Negotiating a construction site with well-structured traffic cones is typically considered a challenge by the autonomous driving industry in the West. “You will notice our vehicle made a 90-degree turn at an unmanaged intersection,” said Sharma, adding that it is a huge problem even for companies like Tesla and Waymo.
Last year in October, the company enabled autonomous vehicles to negotiate bidirectional traffic on single-lane roads. The demo was conducted at a relative speed of 44 kilometers per hour. “Now, that R&D is going to be scaled up to an extent where the relative velocity at the point of crossing can be maintained at 60 kilometers per hour,” said Sharma.
Focus on Autonomous Driving R&D
As of now, Swaayatt Robots hasn’t really sold their technology to anyone and has been conducting demos with Mahindra Bolero. However, in the near future, the company will focus on OEM integration in existing vehicles, specifically targeting the military and autonomous trucking market.

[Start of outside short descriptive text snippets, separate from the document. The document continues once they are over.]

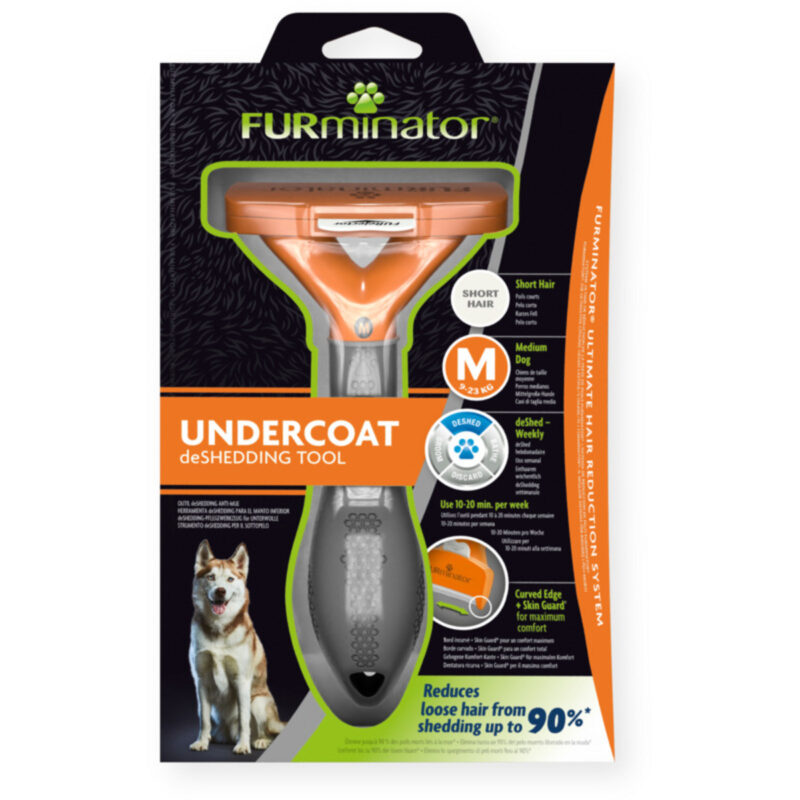 furminator-fur-dog-undercoat-m-short-hair-upakovka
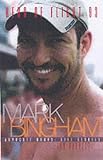 Hero of Flight 93: Mark Bingham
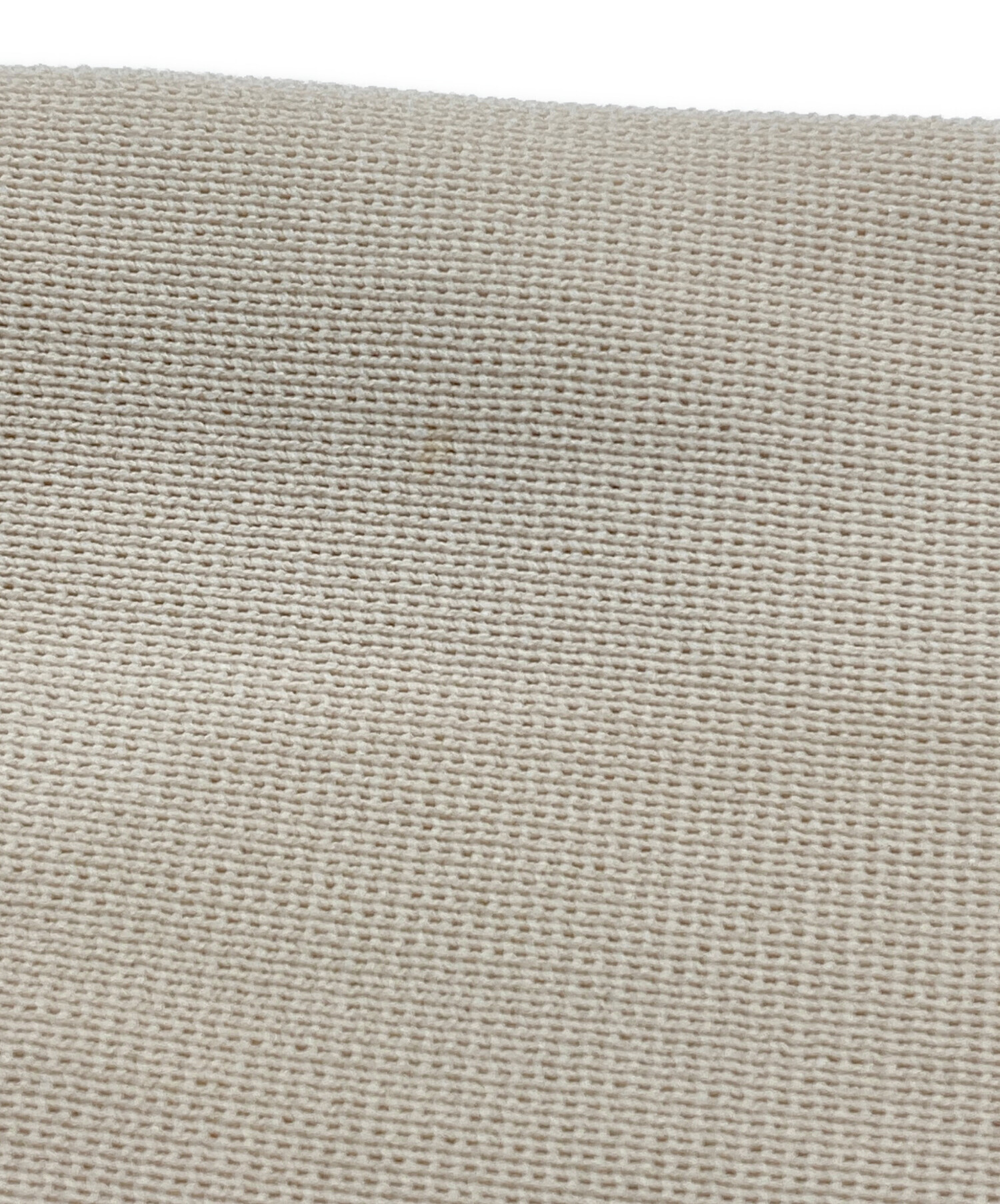 SLY ブルゾン ベージュ 中古・古着通販】SLY (スライ) LIGHT CROP BOA ブルゾン/ライト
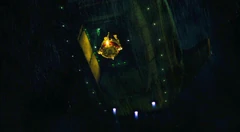 Rescue-cage-2004.png (465 KB) Rescue platform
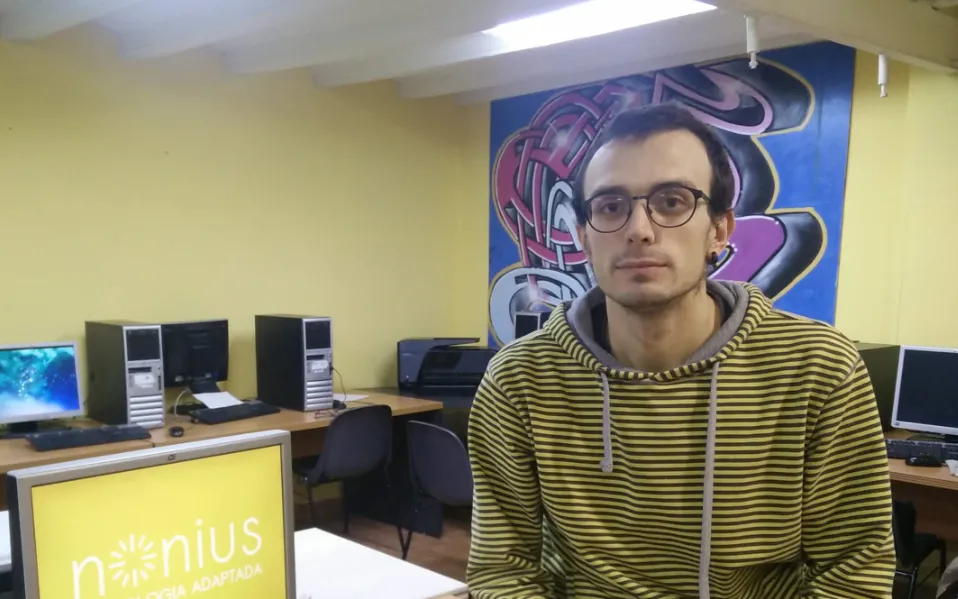 felix_casanellas.png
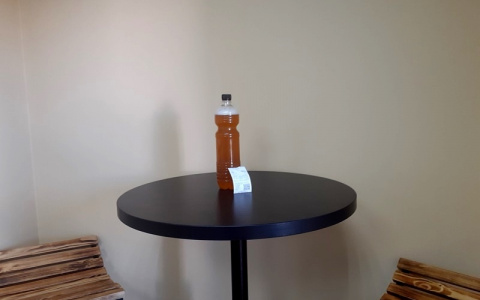 В мэрии Пензы назвали семь магазинов, где торговали спиртным в День знаний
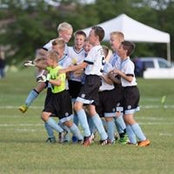 Rob Palmberg's photo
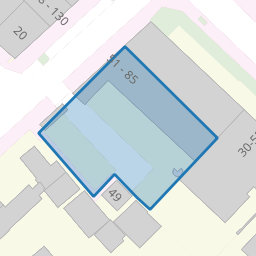 Perceel ZLN02-B-3142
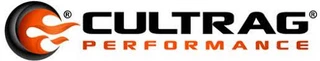 Cultrag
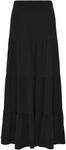 ONLMAY Life Maxi Skirt Box JRS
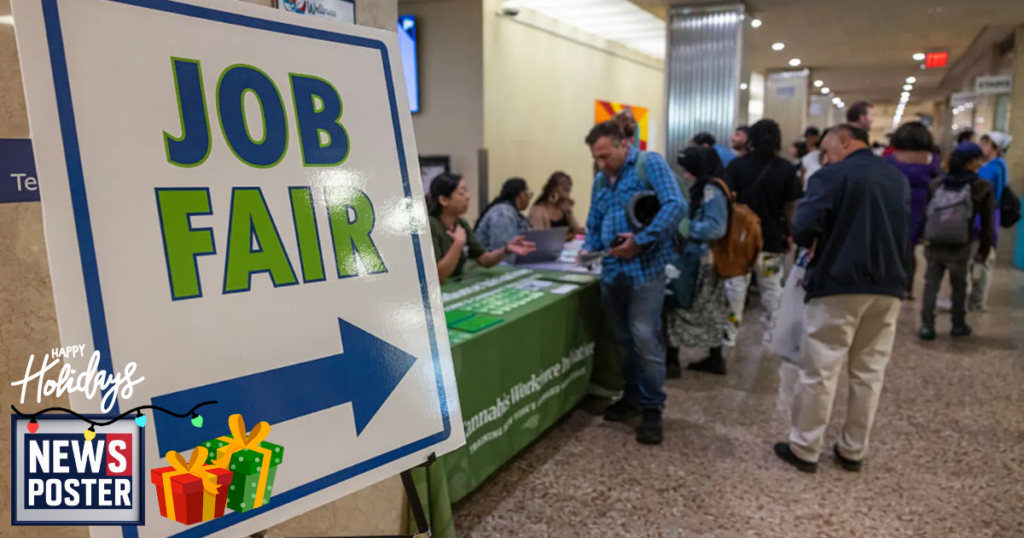 News - 2025-12-04T094956.127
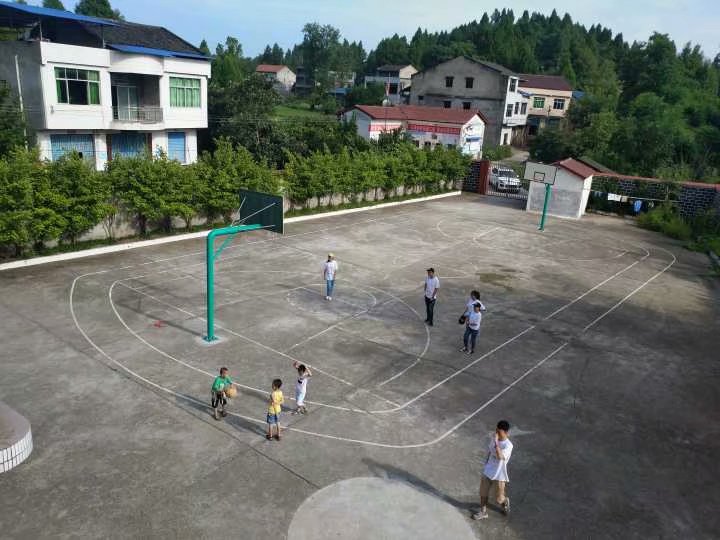 psb(2).jpg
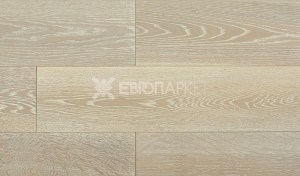 Паркетная доска Тарвуд (Tarwood) - Лунный свет, Рустик 11х140х600-2200мм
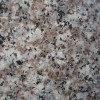 G664 Granite Tile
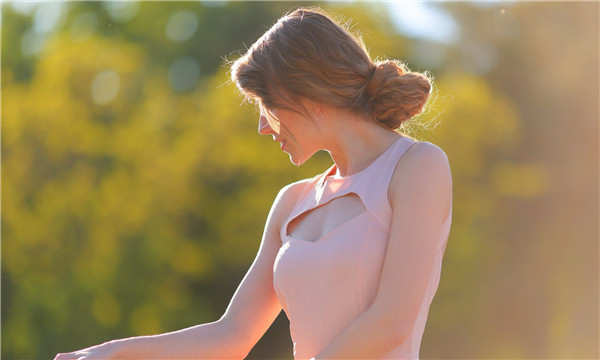 深圳生孩子不易,深圳试管深圳代怀生子机构陪您走过每一步 深圳生孩子不易,深圳试管深圳代怀生子机构陪您走过每一步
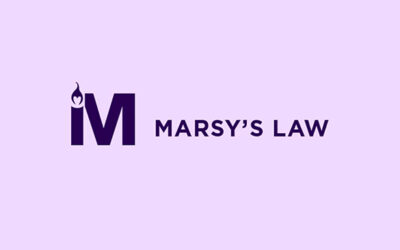 Marsy’s Law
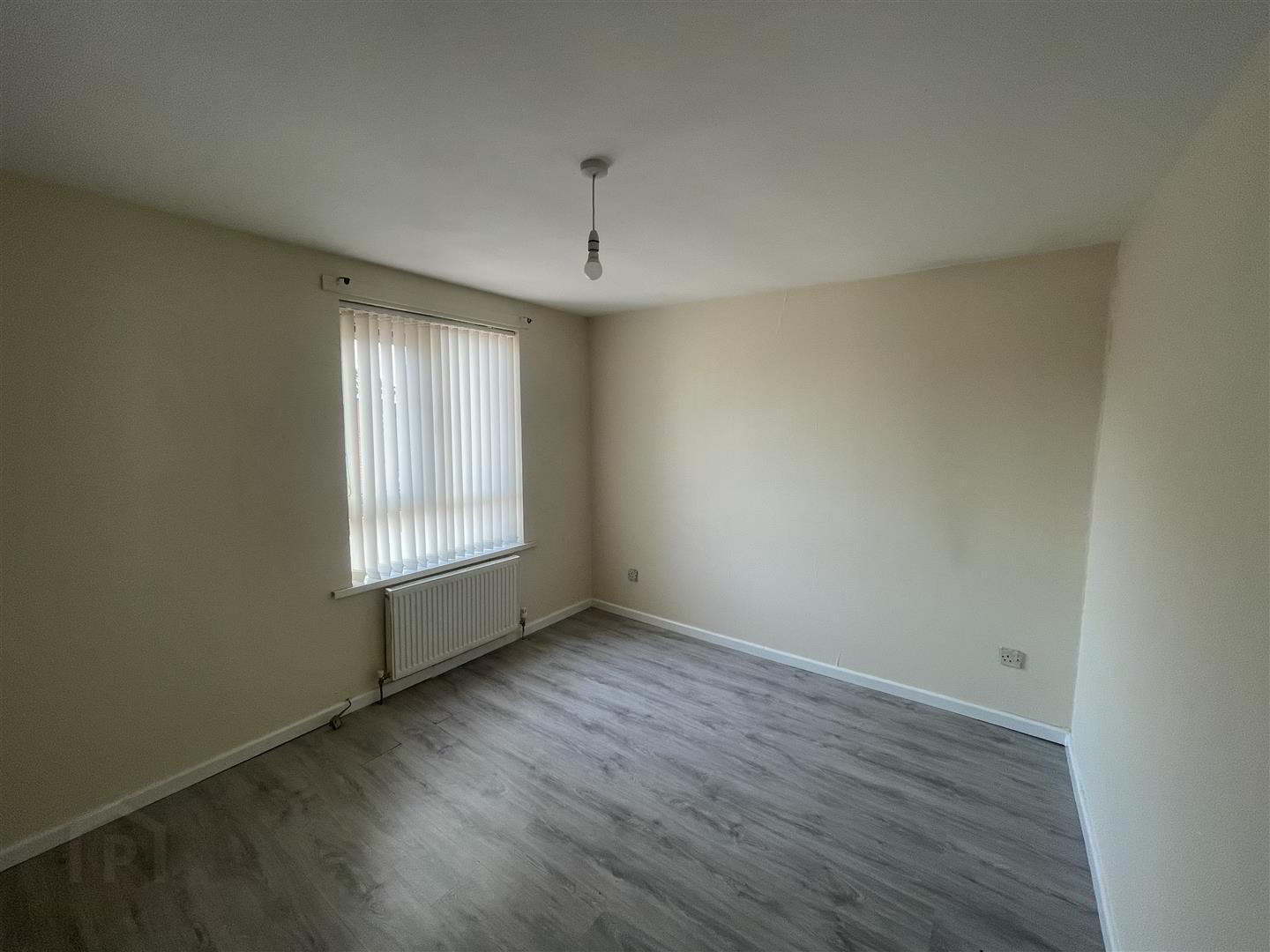 22 Summerhill Court 14 of 14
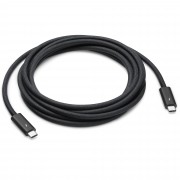 Apple Thunderbolt 4 Pro Cable 3 m (MWP02)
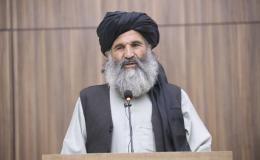 تغییر الگوی مصرف موادمخدر در افغانستان از سنتی به صنعتی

“For autonomous driving markets in the military domain, we cannot expect new vehicles to be operated in service, you would want to develop a system that can be retrofitted into these aftermarket vehicles,” said Sharma.
He added that aftermarket segments in autonomous trucking in North America are humongous. “If you look at the US trucking market, I mean, it’s an $800 billion addressable market,” said Sharma. He further said that Swaayatt Robots has been in talks with some of the fleet owners in the US.
Regarding India he said, “We have understood the requirements of almost every single OEM in the country. We are in touch with most of the OEMs in India, except for Mahindra. It’s ironic because Anand Mahindra recently praised us.”
Even though we are not in touch with Mahindra directly, he explained that Mahindra’s vehicles are robust and the easiest to modify. “Mahindra has this Mobileye system, which is incorporated into the XUV700.”
Better Than Tesla?
Sharma likes to position Swaayatt as an R&D company, and unlike Tesla at this stage, it is not planning to sell cars anytime soon. “What we are doing is very sophisticated R&D in the general autonomous navigation domain to make autonomous driving happen,” he said.
“There is no agency on the planet, be it Musk’s Tesla or Altman’s OpenAI, that is working on bi-directional traffic,” he said, adding that in the October 2023 demo, their vehicle successfully negotiated bi-directional traffic on a single lane.
He added that by 2030, only four to five autonomous driving companies will survive, highlighting the immense R&D challenges involved. He emphasised that safety is a crucial area to address. Referring to GM’s Cruise accident, he pointed out that it resulted in a total halt of operations and several investigations.
Sharma is a huge admirer of Wavye AI. “Since 2019, with the advent of Wavye AI, people have been discussing autonomy without relying on maps. We were the first technology to enable vehicles without the reliance on high-definition maps. In 2017, we implemented multi-RL agents without requiring any maps,” he said.
“We have done R&D in the perception domain to an extent that there are now only 5 problems where supervised learning is required, and for those problems as well we are developing self-supervised models,” he added.
Until now, the company has been conducting demos exclusively with Mahindra Bolero. In the near future, the company plans to demonstrate with multiple vehicles, including Thar and Fortuner. “One demo we will be doing will have Thar and Bolero crossing each other in an autonomous fashion,” concluded Sharma.